_AIM OF THE EXERCISE_
In this exercise, return the whole listing exactly, excluding any images.

_RAW DATA_
# # # # #

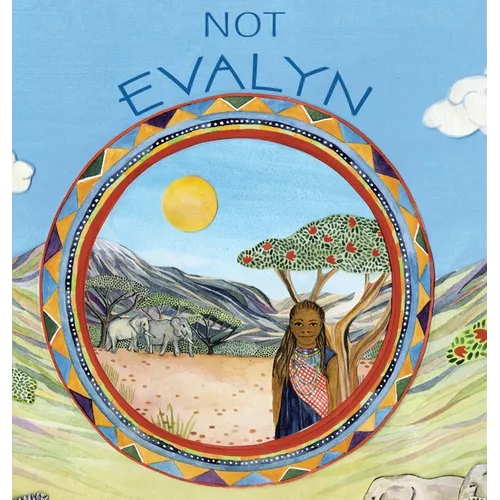 Not Evalyn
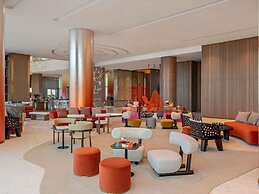 So/ Ras Al Khaimah Hotel & Resort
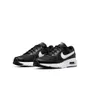 chaussures mode enfant NIKE AIR MAX SC (GS) Noir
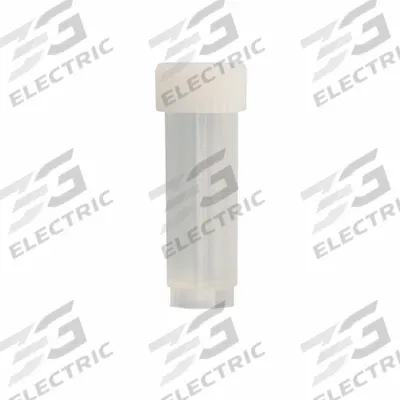 APPROVED VENDOR 7.0 mL Transport Vials with Caps: Transport, PPCO, 20 mL - Plastic Lab Vials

# # # # #

_TASK OUTPUT_
 Not Evalyn
 So/ Ras Al Khaimah Hotel & Resort
 chaussures mode enfant NIKE AIR MAX SC (GS) Noir
 APPROVED VENDOR 7.0 mL Transport Vials with Caps: Transport, PPCO, 20 mL - Plastic Lab Vials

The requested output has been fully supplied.